■ Source data ■
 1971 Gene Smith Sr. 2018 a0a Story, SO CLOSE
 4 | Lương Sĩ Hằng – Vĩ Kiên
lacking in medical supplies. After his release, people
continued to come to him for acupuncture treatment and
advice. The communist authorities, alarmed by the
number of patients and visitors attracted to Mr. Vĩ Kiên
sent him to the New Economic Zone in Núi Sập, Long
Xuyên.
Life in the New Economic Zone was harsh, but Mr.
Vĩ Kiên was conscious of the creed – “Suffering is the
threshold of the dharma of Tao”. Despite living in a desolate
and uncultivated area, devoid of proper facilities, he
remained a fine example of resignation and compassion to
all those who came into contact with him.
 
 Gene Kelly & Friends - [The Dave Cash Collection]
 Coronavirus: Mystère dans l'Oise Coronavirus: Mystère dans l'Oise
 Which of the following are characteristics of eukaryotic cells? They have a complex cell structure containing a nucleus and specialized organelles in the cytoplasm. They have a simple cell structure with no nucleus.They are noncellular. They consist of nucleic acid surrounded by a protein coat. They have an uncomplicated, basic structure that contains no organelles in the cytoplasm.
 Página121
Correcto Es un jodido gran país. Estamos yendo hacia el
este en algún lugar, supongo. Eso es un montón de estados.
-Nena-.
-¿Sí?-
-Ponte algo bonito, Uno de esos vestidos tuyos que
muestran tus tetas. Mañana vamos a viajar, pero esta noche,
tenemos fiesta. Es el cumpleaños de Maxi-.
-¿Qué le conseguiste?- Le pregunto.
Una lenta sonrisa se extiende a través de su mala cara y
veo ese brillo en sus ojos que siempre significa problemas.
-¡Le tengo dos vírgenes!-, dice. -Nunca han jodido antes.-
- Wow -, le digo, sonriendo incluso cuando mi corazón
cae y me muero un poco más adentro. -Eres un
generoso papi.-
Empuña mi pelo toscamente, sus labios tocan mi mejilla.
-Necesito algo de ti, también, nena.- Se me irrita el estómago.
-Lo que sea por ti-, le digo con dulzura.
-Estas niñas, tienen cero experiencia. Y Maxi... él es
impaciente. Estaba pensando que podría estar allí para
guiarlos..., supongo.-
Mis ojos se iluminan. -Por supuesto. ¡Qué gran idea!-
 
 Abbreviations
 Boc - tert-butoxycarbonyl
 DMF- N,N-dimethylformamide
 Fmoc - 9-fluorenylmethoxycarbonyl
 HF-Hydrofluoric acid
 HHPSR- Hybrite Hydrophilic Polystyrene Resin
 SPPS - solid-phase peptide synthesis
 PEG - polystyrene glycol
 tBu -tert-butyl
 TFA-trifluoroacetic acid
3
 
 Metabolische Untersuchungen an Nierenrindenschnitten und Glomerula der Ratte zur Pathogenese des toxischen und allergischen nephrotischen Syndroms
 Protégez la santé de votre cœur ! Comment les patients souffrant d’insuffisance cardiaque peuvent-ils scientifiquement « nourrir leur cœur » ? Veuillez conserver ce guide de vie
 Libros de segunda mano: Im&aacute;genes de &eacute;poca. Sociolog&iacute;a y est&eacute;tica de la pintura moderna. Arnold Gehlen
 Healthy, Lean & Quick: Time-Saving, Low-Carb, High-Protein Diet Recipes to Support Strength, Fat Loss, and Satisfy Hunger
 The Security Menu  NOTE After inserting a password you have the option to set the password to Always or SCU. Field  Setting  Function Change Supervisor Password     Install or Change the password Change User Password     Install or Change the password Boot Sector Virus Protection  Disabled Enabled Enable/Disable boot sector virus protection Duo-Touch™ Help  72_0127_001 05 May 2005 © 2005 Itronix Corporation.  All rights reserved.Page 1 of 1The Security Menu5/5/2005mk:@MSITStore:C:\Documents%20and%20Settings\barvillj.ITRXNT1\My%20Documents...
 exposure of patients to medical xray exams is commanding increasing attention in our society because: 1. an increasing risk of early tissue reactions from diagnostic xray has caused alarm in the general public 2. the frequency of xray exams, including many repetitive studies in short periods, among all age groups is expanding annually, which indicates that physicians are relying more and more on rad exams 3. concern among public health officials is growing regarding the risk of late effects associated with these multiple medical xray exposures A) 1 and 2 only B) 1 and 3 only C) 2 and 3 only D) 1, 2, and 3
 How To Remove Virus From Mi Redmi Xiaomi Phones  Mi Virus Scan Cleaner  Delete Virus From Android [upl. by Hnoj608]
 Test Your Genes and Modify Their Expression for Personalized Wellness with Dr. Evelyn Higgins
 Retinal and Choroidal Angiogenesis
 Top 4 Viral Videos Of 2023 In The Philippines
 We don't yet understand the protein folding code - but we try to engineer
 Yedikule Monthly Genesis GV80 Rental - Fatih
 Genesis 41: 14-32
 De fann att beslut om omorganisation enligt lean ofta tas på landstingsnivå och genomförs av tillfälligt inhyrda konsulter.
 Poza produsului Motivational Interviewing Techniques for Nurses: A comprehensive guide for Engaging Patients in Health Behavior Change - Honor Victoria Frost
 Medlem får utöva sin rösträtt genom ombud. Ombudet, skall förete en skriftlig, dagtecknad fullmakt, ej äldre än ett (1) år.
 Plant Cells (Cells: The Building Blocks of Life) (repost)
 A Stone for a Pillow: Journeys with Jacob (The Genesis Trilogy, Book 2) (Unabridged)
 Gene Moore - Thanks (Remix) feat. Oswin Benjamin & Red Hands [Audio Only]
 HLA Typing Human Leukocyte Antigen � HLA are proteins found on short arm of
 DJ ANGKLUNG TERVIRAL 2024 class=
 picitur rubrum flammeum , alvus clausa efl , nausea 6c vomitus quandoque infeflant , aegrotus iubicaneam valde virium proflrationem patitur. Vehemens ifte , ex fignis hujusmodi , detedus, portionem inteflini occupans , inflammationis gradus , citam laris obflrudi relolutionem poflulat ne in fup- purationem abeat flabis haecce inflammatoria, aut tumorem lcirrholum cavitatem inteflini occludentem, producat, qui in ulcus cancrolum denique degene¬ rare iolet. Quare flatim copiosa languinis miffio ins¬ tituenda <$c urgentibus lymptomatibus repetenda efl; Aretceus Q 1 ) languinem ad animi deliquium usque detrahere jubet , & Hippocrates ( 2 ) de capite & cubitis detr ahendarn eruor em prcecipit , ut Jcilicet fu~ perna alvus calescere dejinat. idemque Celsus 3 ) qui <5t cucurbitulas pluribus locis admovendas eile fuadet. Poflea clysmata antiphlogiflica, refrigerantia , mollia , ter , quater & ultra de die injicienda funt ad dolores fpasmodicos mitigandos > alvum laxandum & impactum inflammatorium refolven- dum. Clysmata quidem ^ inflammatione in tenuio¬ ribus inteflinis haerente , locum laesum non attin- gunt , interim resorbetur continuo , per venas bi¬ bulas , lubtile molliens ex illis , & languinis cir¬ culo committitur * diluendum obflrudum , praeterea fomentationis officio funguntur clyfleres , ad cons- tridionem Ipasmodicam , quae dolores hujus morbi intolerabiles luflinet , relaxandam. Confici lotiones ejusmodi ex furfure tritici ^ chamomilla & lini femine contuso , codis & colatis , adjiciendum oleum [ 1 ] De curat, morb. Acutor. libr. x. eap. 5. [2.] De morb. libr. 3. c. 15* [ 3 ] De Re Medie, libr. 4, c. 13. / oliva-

■ Prompt ■
The listing above has to be written out again in full, exactly as shown.

■ Answer section ■
 1971 Gene Smith Sr. 2018 a0a Story, SO CLOSE
 4 | Lương Sĩ Hằng – Vĩ Kiên
lacking in medical supplies. After his release, people
continued to come to him for acupuncture treatment and
advice. The communist authorities, alarmed by the
number of patients and visitors attracted to Mr. Vĩ Kiên
sent him to the New Economic Zone in Núi Sập, Long
Xuyên.
Life in the New Economic Zone was harsh, but Mr.
Vĩ Kiên was conscious of the creed – “Suffering is the
threshold of the dharma of Tao”. Despite living in a desolate
and uncultivated area, devoid of proper facilities, he
remained a fine example of resignation and compassion to
all those who came into contact with him.
 
 Gene Kelly & Friends - [The Dave Cash Collection]
 Coronavirus: Mystère dans l'Oise Coronavirus: Mystère dans l'Oise
 Which of the following are characteristics of eukaryotic cells? They have a complex cell structure containing a nucleus and specialized organelles in the cytoplasm. They have a simple cell structure with no nucleus.They are noncellular. They consist of nucleic acid surrounded by a protein coat. They have an uncomplicated, basic structure that contains no organelles in the cytoplasm.
 Página121
Correcto Es un jodido gran país. Estamos yendo hacia el
este en algún lugar, supongo. Eso es un montón de estados.
-Nena-.
-¿Sí?-
-Ponte algo bonito, Uno de esos vestidos tuyos que
muestran tus tetas. Mañana vamos a viajar, pero esta noche,
tenemos fiesta. Es el cumpleaños de Maxi-.
-¿Qué le conseguiste?- Le pregunto.
Una lenta sonrisa se extiende a través de su mala cara y
veo ese brillo en sus ojos que siempre significa problemas.
-¡Le tengo dos vírgenes!-, dice. -Nunca han jodido antes.-
- Wow -, le digo, sonriendo incluso cuando mi corazón
cae y me muero un poco más adentro. -Eres un
generoso papi.-
Empuña mi pelo toscamente, sus labios tocan mi mejilla.
-Necesito algo de ti, también, nena.- Se me irrita el estómago.
-Lo que sea por ti-, le digo con dulzura.
-Estas niñas, tienen cero experiencia. Y Maxi... él es
impaciente. Estaba pensando que podría estar allí para
guiarlos..., supongo.-
Mis ojos se iluminan. -Por supuesto. ¡Qué gran idea!-
 
 Abbreviations
 Boc - tert-butoxycarbonyl
 DMF- N,N-dimethylformamide
 Fmoc - 9-fluorenylmethoxycarbonyl
 HF-Hydrofluoric acid
 HHPSR- Hybrite Hydrophilic Polystyrene Resin
 SPPS - solid-phase peptide synthesis
 PEG - polystyrene glycol
 tBu -tert-butyl
 TFA-trifluoroacetic acid
3
 
 Metabolische Untersuchungen an Nierenrindenschnitten und Glomerula der Ratte zur Pathogenese des toxischen und allergischen nephrotischen Syndroms
 Protégez la santé de votre cœur ! Comment les patients souffrant d’insuffisance cardiaque peuvent-ils scientifiquement « nourrir leur cœur » ? Veuillez conserver ce guide de vie
 Libros de segunda mano: Im&aacute;genes de &eacute;poca. Sociolog&iacute;a y est&eacute;tica de la pintura moderna. Arnold Gehlen
 Healthy, Lean & Quick: Time-Saving, Low-Carb, High-Protein Diet Recipes to Support Strength, Fat Loss, and Satisfy Hunger
 The Security Menu  NOTE After inserting a password you have the option to set the password to Always or SCU. Field  Setting  Function Change Supervisor Password     Install or Change the password Change User Password     Install or Change the password Boot Sector Virus Protection  Disabled Enabled Enable/Disable boot sector virus protection Duo-Touch™ Help  72_0127_001 05 May 2005 © 2005 Itronix Corporation.  All rights reserved.Page 1 of 1The Security Menu5/5/2005mk:@MSITStore:C:\Documents%20and%20Settings\barvillj.ITRXNT1\My%20Documents...
 exposure of patients to medical xray exams is commanding increasing attention in our society because: 1. an increasing risk of early tissue reactions from diagnostic xray has caused alarm in the general public 2. the frequency of xray exams, including many repetitive studies in short periods, among all age groups is expanding annually, which indicates that physicians are relying more and more on rad exams 3. concern among public health officials is growing regarding the risk of late effects associated with these multiple medical xray exposures A) 1 and 2 only B) 1 and 3 only C) 2 and 3 only D) 1, 2, and 3
 How To Remove Virus From Mi Redmi Xiaomi Phones  Mi Virus Scan Cleaner  Delete Virus From Android [upl. by Hnoj608]
 Test Your Genes and Modify Their Expression for Personalized Wellness with Dr. Evelyn Higgins
 Retinal and Choroidal Angiogenesis
 Top 4 Viral Videos Of 2023 In The Philippines
 We don't yet understand the protein folding code - but we try to engineer
 Yedikule Monthly Genesis GV80 Rental - Fatih
 Genesis 41: 14-32
 De fann att beslut om omorganisation enligt lean ofta tas på landstingsnivå och genomförs av tillfälligt inhyrda konsulter.
 Poza produsului Motivational Interviewing Techniques for Nurses: A comprehensive guide for Engaging Patients in Health Behavior Change - Honor Victoria Frost
 Medlem får utöva sin rösträtt genom ombud. Ombudet, skall förete en skriftlig, dagtecknad fullmakt, ej äldre än ett (1) år.
 Plant Cells (Cells: The Building Blocks of Life) (repost)
 A Stone for a Pillow: Journeys with Jacob (The Genesis Trilogy, Book 2) (Unabridged)
 Gene Moore - Thanks (Remix) feat. Oswin Benjamin & Red Hands [Audio Only]
 HLA Typing Human Leukocyte Antigen � HLA are proteins found on short arm of
 DJ ANGKLUNG TERVIRAL 2024 class=
 picitur rubrum flammeum , alvus clausa efl , nausea 6c vomitus quandoque infeflant , aegrotus iubicaneam valde virium proflrationem patitur. Vehemens ifte , ex fignis hujusmodi , detedus, portionem inteflini occupans , inflammationis gradus , citam laris obflrudi relolutionem poflulat ne in fup- purationem abeat flabis haecce inflammatoria, aut tumorem lcirrholum cavitatem inteflini occludentem, producat, qui in ulcus cancrolum denique degene¬ rare iolet. Quare flatim copiosa languinis miffio ins¬ tituenda <$c urgentibus lymptomatibus repetenda efl; Aretceus Q 1 ) languinem ad animi deliquium usque detrahere jubet , & Hippocrates ( 2 ) de capite & cubitis detr ahendarn eruor em prcecipit , ut Jcilicet fu~ perna alvus calescere dejinat. idemque Celsus 3 ) qui <5t cucurbitulas pluribus locis admovendas eile fuadet. Poflea clysmata antiphlogiflica, refrigerantia , mollia , ter , quater & ultra de die injicienda funt ad dolores fpasmodicos mitigandos > alvum laxandum & impactum inflammatorium refolven- dum. Clysmata quidem ^ inflammatione in tenuio¬ ribus inteflinis haerente , locum laesum non attin- gunt , interim resorbetur continuo , per venas bi¬ bulas , lubtile molliens ex illis , & languinis cir¬ culo committitur * diluendum obflrudum , praeterea fomentationis officio funguntur clyfleres , ad cons- tridionem Ipasmodicam , quae dolores hujus morbi intolerabiles luflinet , relaxandam. Confici lotiones ejusmodi ex furfure tritici ^ chamomilla & lini femine contuso , codis & colatis , adjiciendum oleum [ 1 ] De curat, morb. Acutor. libr. x. eap. 5. [2.] De morb. libr. 3. c. 15* [ 3 ] De Re Medie, libr. 4, c. 13. / oliva-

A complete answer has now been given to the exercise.